### DIRECTIONS
Among the entries below, only the lines from the one with "Tijuana City Silhouette" through the one with "Colorful Mixed Fruit" are to be retyped, exactly and without pictures.

### EXCERPTED RECORDS
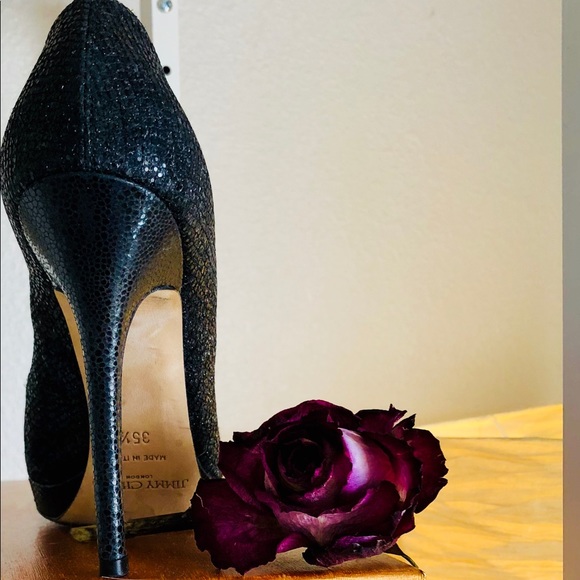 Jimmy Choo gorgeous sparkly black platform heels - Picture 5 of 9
...
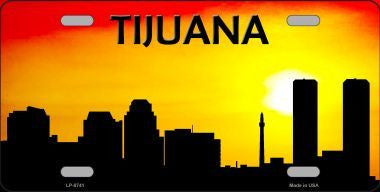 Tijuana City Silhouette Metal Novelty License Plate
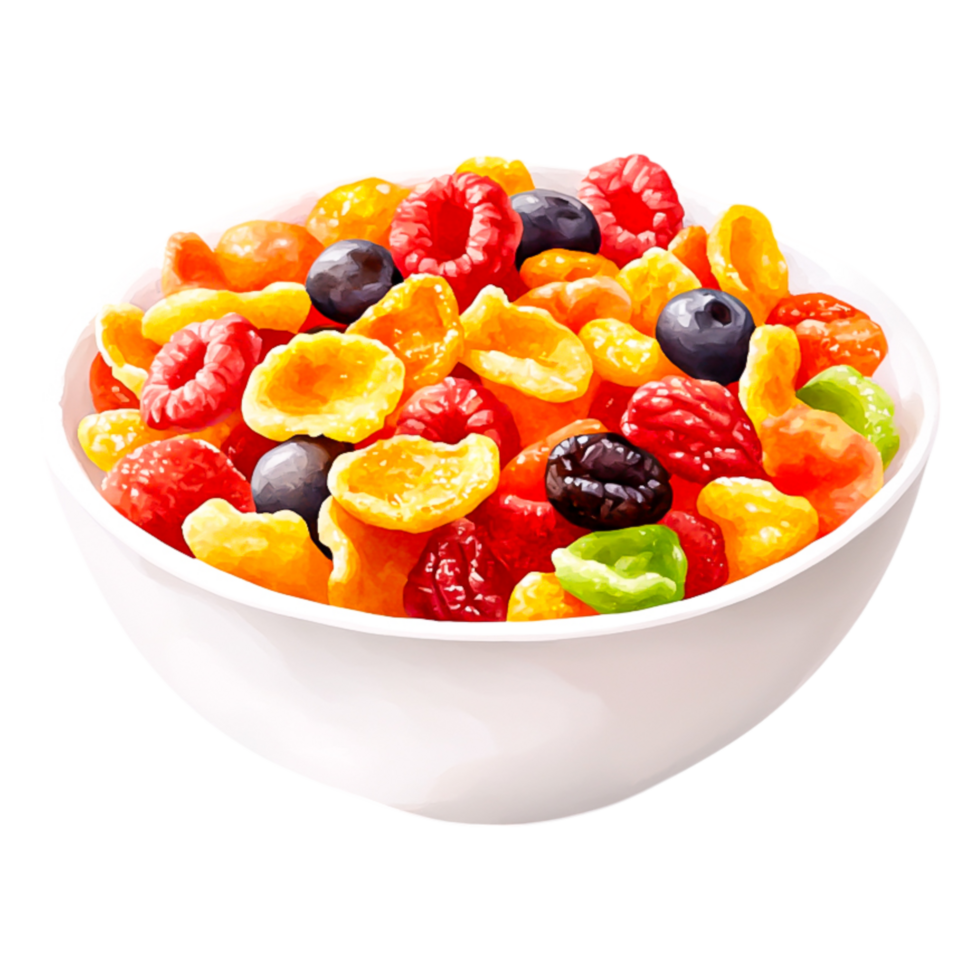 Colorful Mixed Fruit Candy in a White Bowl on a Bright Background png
---
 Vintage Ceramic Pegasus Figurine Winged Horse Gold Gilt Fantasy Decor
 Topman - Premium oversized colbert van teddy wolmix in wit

### ANSWER SPACE
 Tijuana City Silhouette Metal Novelty License Plate
 Colorful Mixed Fruit Candy in a White Bowl on a Bright Background png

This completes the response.